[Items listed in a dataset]
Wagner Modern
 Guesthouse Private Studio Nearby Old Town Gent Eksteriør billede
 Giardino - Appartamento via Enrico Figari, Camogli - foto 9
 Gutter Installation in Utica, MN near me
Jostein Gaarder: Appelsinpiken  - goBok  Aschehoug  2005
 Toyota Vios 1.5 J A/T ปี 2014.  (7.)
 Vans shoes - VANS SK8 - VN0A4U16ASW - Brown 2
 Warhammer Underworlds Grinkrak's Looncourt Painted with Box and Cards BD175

▸ WHAT TO WORK ON: The answer must be an exact reproduction of all the records.

▸ WRITTEN ANSWER:
Wagner Modern
 Guesthouse Private Studio Nearby Old Town Gent Eksteriør billede
 Giardino - Appartamento via Enrico Figari, Camogli - foto 9
 Gutter Installation in Utica, MN near me
Jostein Gaarder: Appelsinpiken  - goBok  Aschehoug  2005
 Toyota Vios 1.5 J A/T ปี 2014.  (7.)
 Vans shoes - VANS SK8 - VN0A4U16ASW - Brown 2
 Warhammer Underworlds Grinkrak's Looncourt Painted with Box and Cards BD175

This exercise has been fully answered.